__PROBLEM REQUIREMENTS__:
Give an exact transcription limited to the lines from the one with "2010 05 29 crecerelle effraie 6481" through the end of the entries, including both; no pictures belong in it.

+++

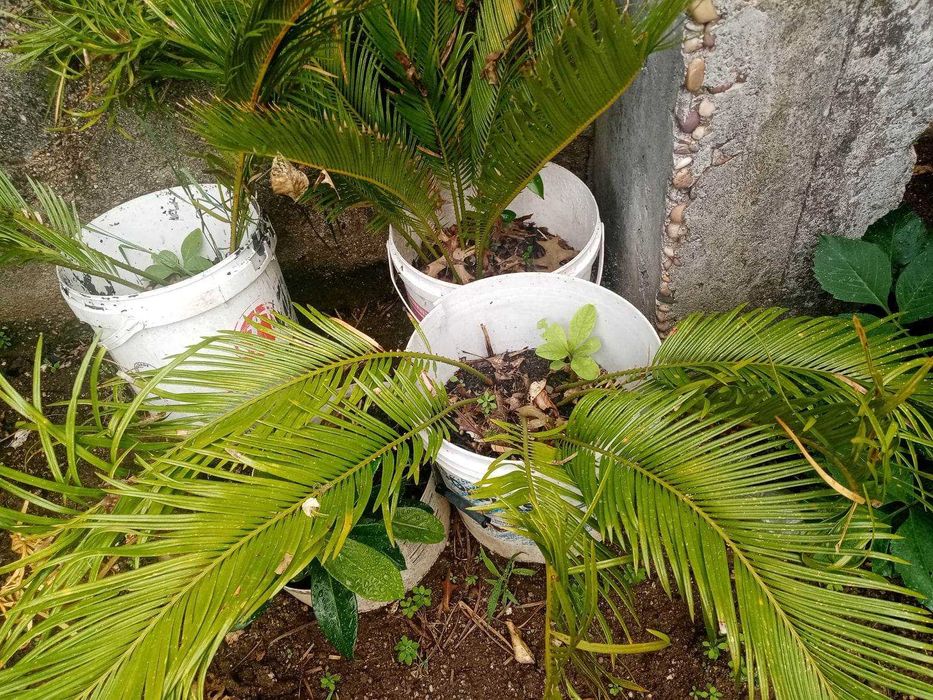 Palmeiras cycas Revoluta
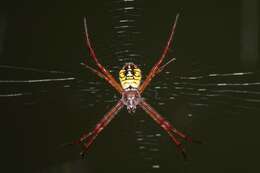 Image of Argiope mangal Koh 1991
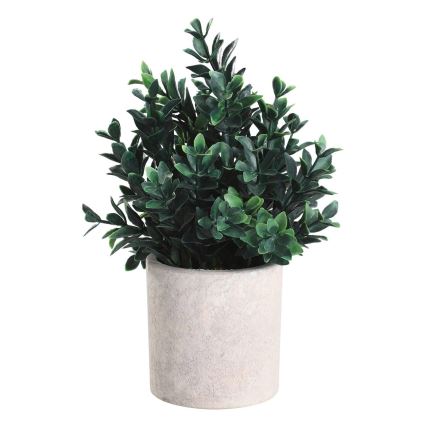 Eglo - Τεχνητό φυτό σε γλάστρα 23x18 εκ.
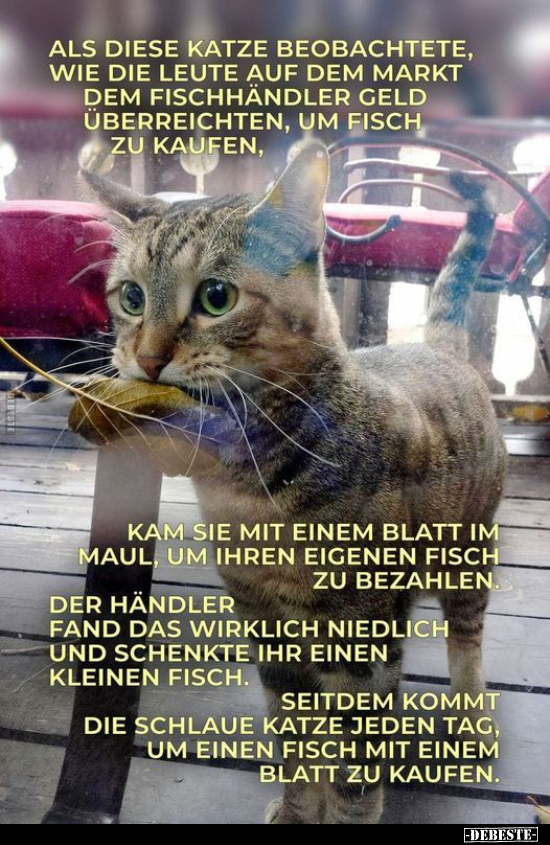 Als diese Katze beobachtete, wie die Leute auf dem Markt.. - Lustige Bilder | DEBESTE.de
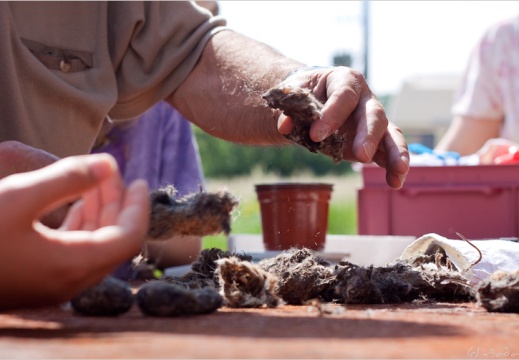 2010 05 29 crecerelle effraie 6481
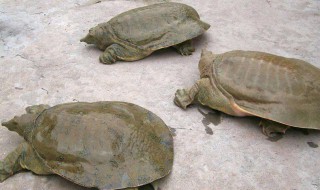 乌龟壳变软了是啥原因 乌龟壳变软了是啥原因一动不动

+++

__EXERCISE OUTPUT__:
 2010 05 29 crecerelle effraie 6481
 乌龟壳变软了是啥原因 乌龟壳变软了是啥原因一动不动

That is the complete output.